Chi è Gabriella Furno
Nata a Parigi, Gabriella Furno ha origini siculo-algerine. Le origini della sua famiglia l’hanno riportata a Palermo nel 2017, dove ha aperto il suo studio, luogo di riferimento artistico e testimonianza della stratificazione del suo patrimonio culturale.
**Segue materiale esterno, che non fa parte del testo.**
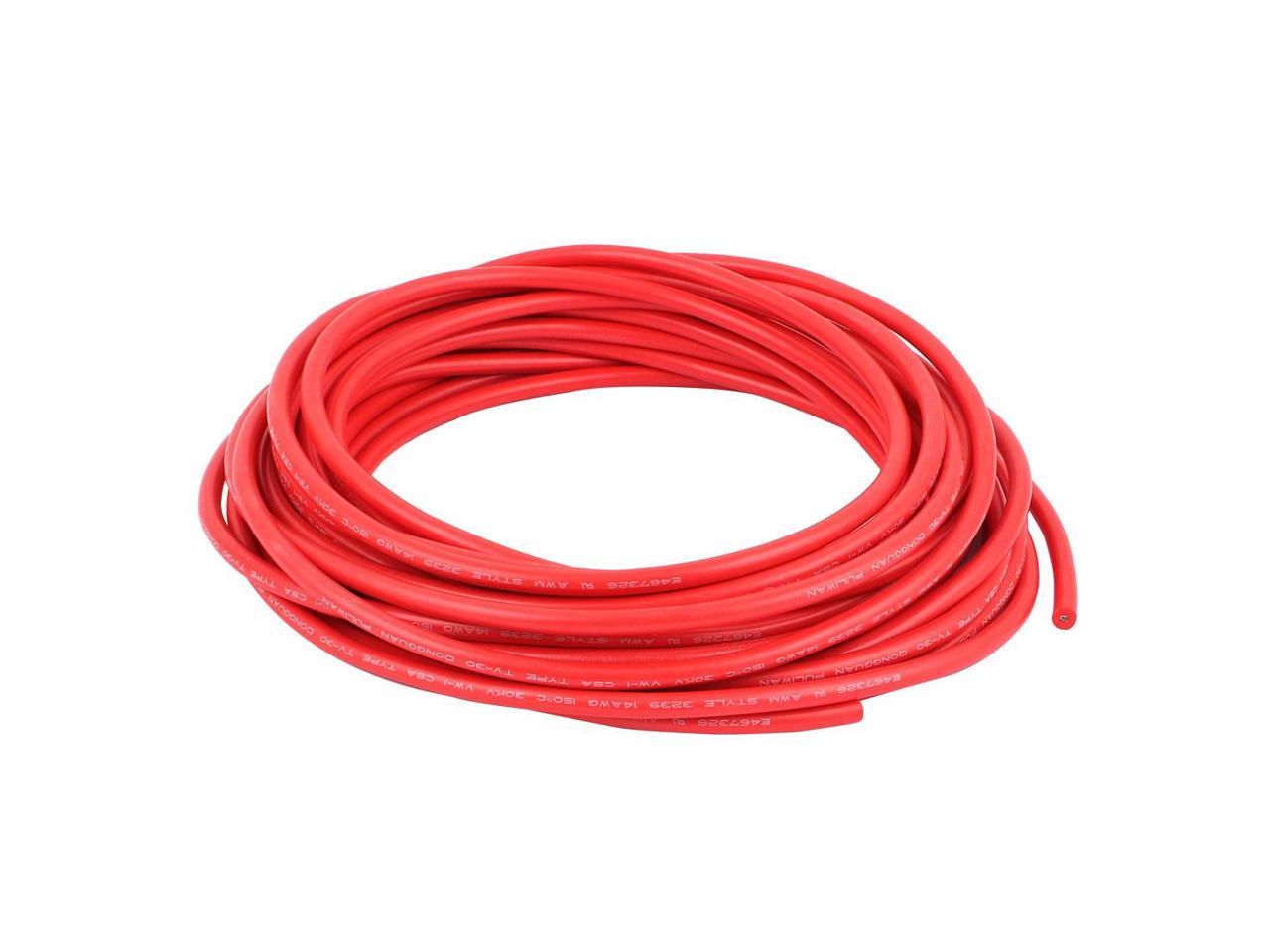 Electric Copper Core Flexible Silicone Wire Cable White 10M 32.8Ft 18AWG 30KV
Ogni sua opera nasce dalla trasposizione nella scultura di storie del Mediterraneo e dell’Europa centrale, con tematiche che ruotano attorno all’identità, alla migrazione e al legame tra vita e paesaggio. Arte e contesto dialogano nelle sue creazioni, dove il rigore tecnico si mescola a una profonda umanità, trattando i materiali quasi fossero viventi. Una ricerca che l’artista sviluppa anche nelle opere pittoriche.
“Il mio lavoro è un’interrogazione della forma, dell’identità e delle storie custodite nei paesaggi e nelle persone. Fondare Schattenlos Gallery in un luogo così carico di storia è il passo successivo naturale. Sarà uno spazio di dialogo, dove il monumentale e l’intimo potranno coesistere e interpellare chi lo visita”, ha affermato Furno. Con questa apertura, il lavoro dell’artista, plasmato tra Palermo, Parigi e Berlino, acquisisce una nuova sede architettonica permanente, simbolo di un percorso creativo che continua a intrecciare geografie e linguaggi contemporanei.